- DATA TO EXAMINE:

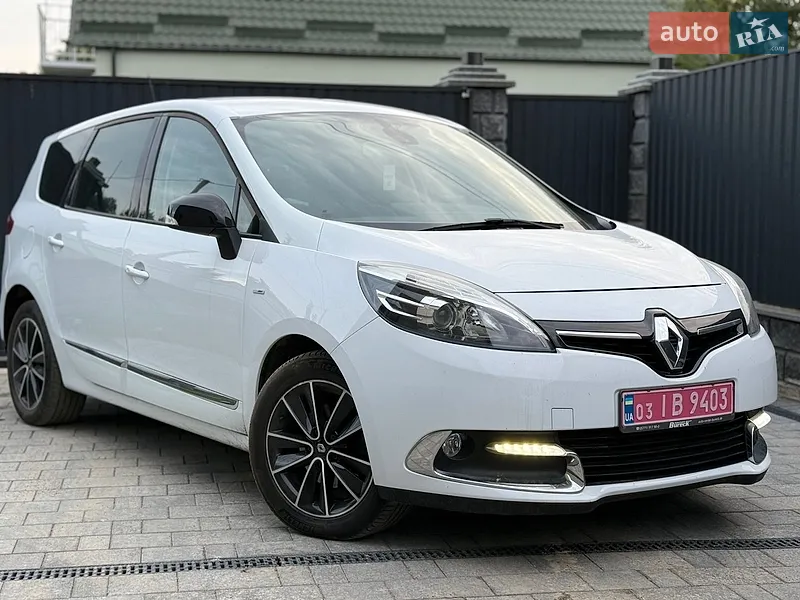 Renault Grand Scenic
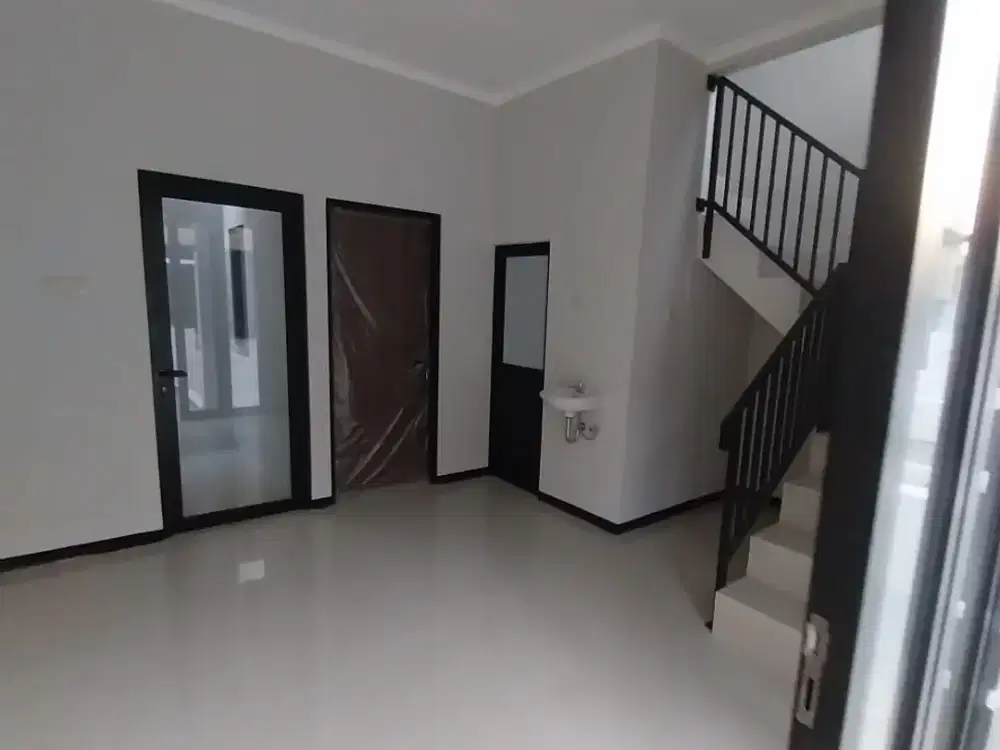 Dijual rumah baru gres alana regency gunungsari indah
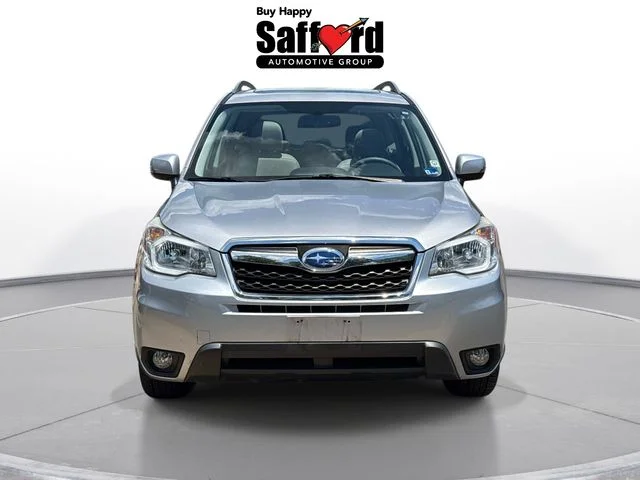 Used 2016 Silver Subaru 2.5i Touring image 8
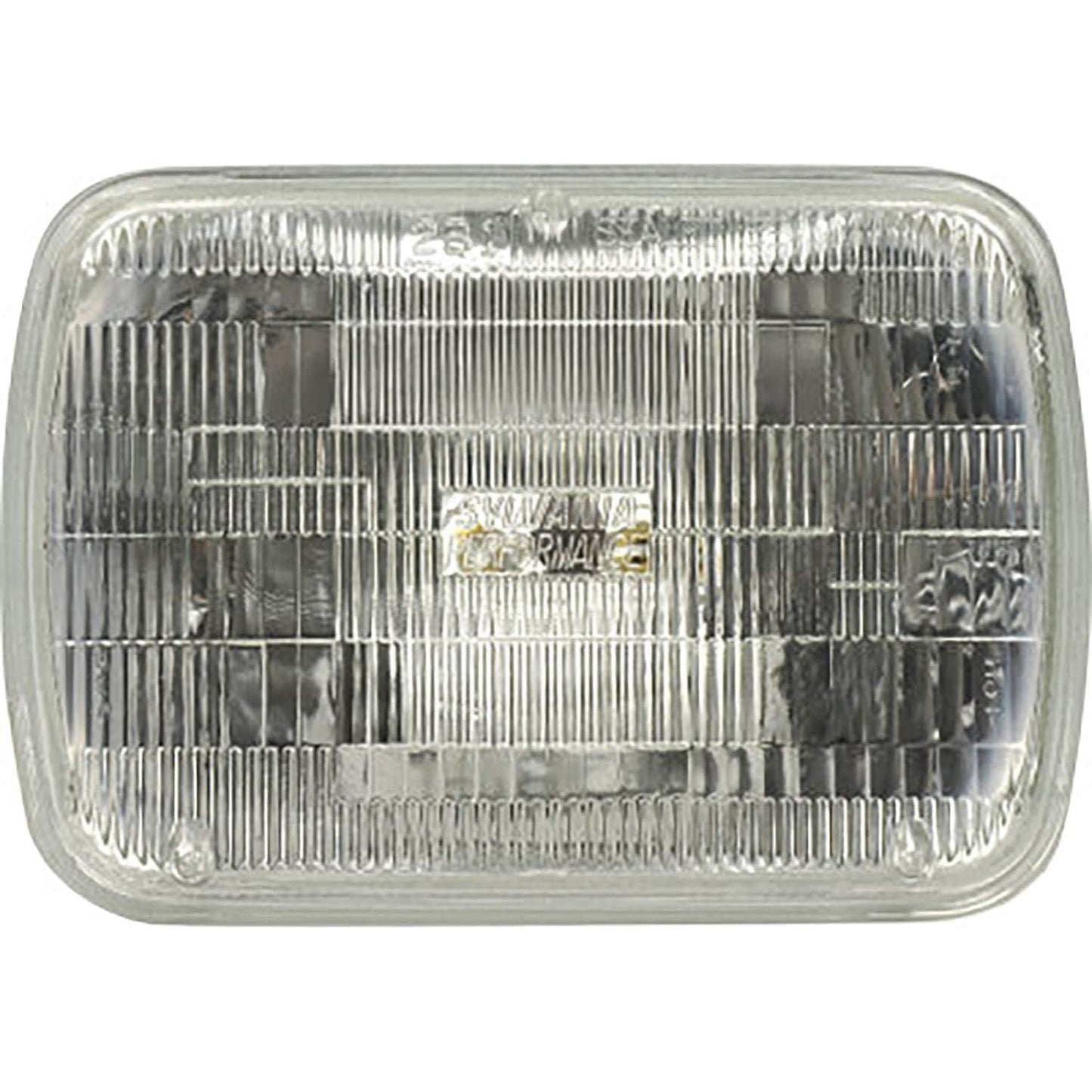 SYLVANIA - H6054 XtraVision Sealed Beam Headlight - Halogen Headlight Replacement 142x200 Delivers More Downroad Visibility (Contains 1 Bulb)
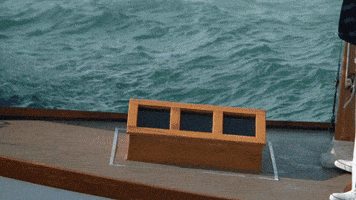 Quote Boat GIF by Rodney Dangerfield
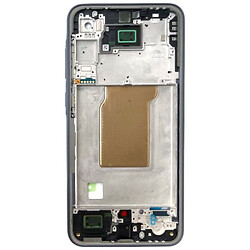 Рамка дисплея Samsung A356 Galaxy A35 5G, Черный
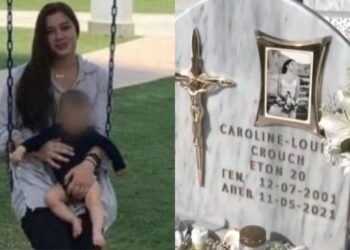 Τρισάγιο για τα 3 χρόνια από τη δολοφονία της Καρολάιν: «Η κόρη της μεγαλώνει με πολλή αγάπη, είναι ένα ευτυχισμένο παιδάκι»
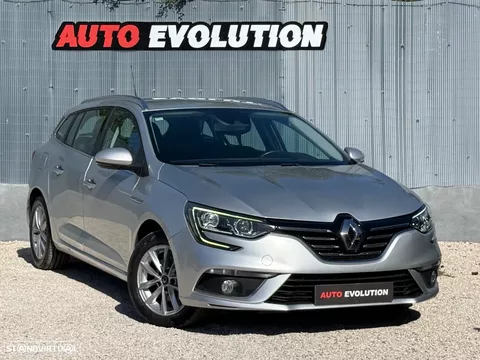 Renault Mégane Sport Tourer 1.2 TCE Intens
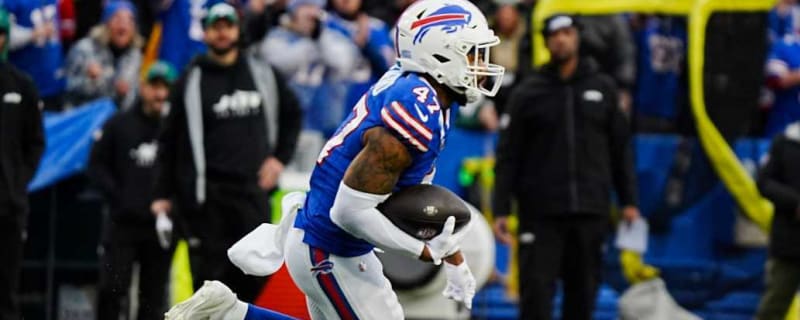 Bills&#39; star continues to be league&#39;s most underrated cornerback, and his Pro Bowl snub proves it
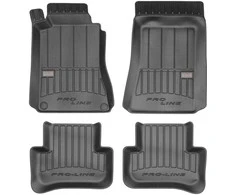 Frogum Guminiai kilimėliai Proline Mercedes C-class (W203) 2000-2007m.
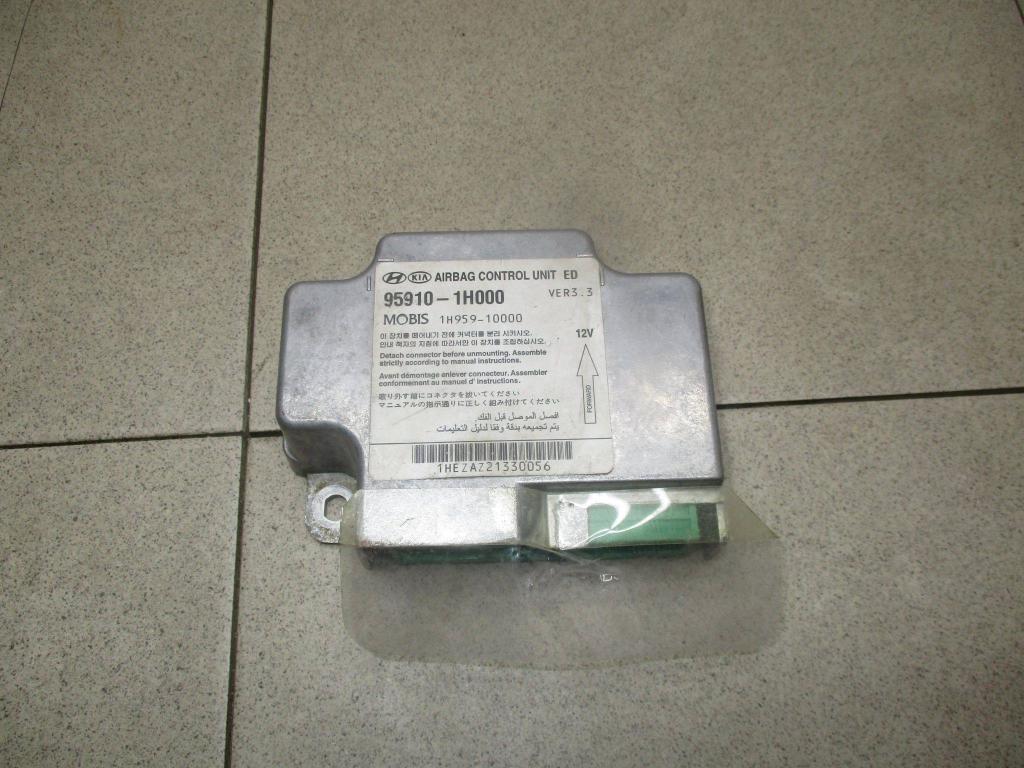 Блок управления AIR BAG, 1500 рублей, Пермь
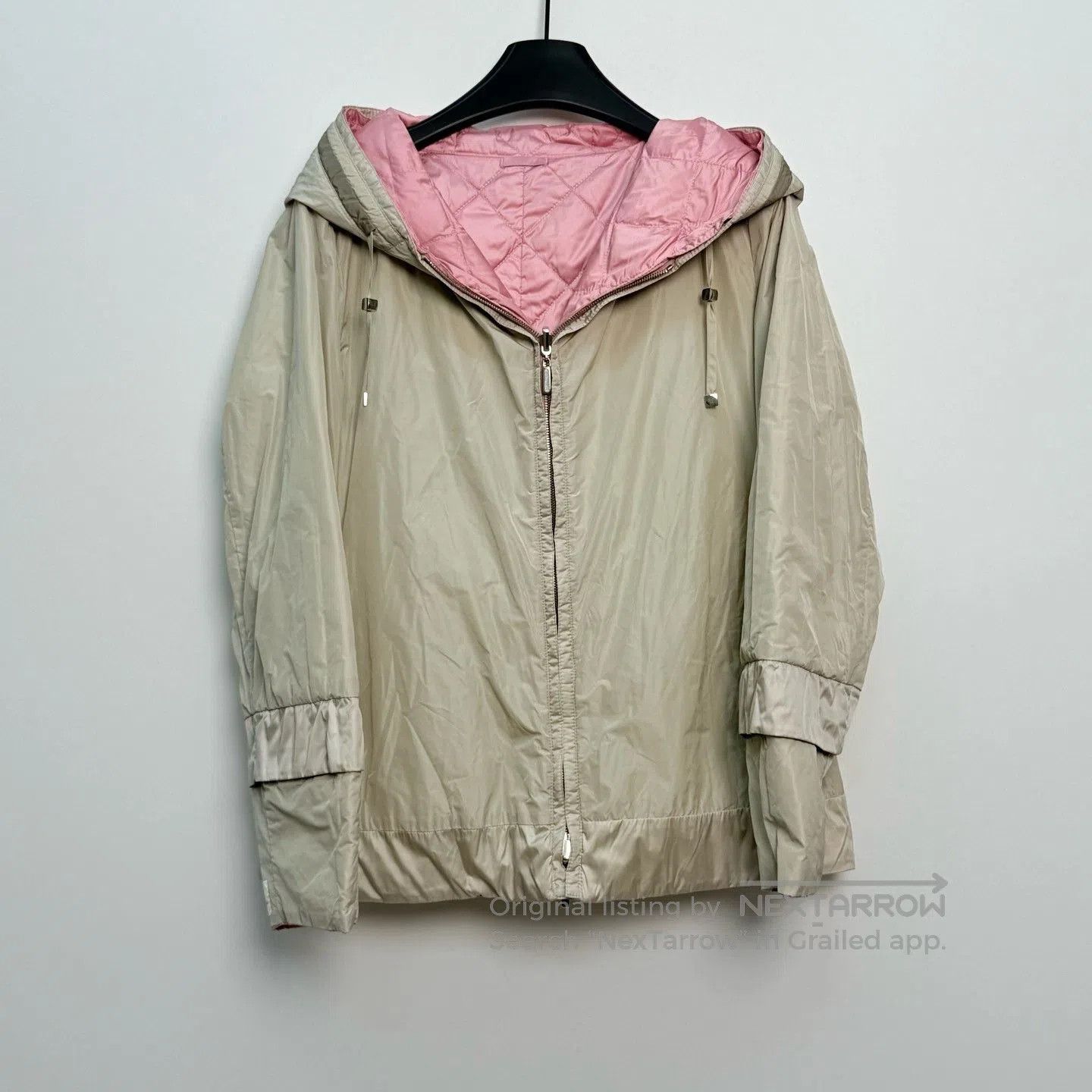 Max Mara Max Mara Double. Size S / US 4 / IT 40 - 1 Thumbnail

- YOUR ASSIGNMENT:
Each record must be returned exactly as it stands, and the images omitted.

- YOUR RESPONSE:
 Renault Grand Scenic
 Dijual rumah baru gres alana regency gunungsari indah
 Used 2016 Silver Subaru 2.5i Touring image 8
 SYLVANIA - H6054 XtraVision Sealed Beam Headlight - Halogen Headlight Replacement 142x200 Delivers More Downroad Visibility (Contains 1 Bulb)
 Quote Boat GIF by Rodney Dangerfield
 Рамка дисплея Samsung A356 Galaxy A35 5G, Черный
 Τρισάγιο για τα 3 χρόνια από τη δολοφονία της Καρολάιν: «Η κόρη της μεγαλώνει με πολλή αγάπη, είναι ένα ευτυχισμένο παιδάκι»
 Renault Mégane Sport Tourer 1.2 TCE Intens
 Bills&#39; star continues to be league&#39;s most underrated cornerback, and his Pro Bowl snub proves it
 Frogum Guminiai kilimėliai Proline Mercedes C-class (W203) 2000-2007m.
 Блок управления AIR BAG, 1500 рублей, Пермь
 Max Mara Max Mara Double. Size S / US 4 / IT 40 - 1 Thumbnail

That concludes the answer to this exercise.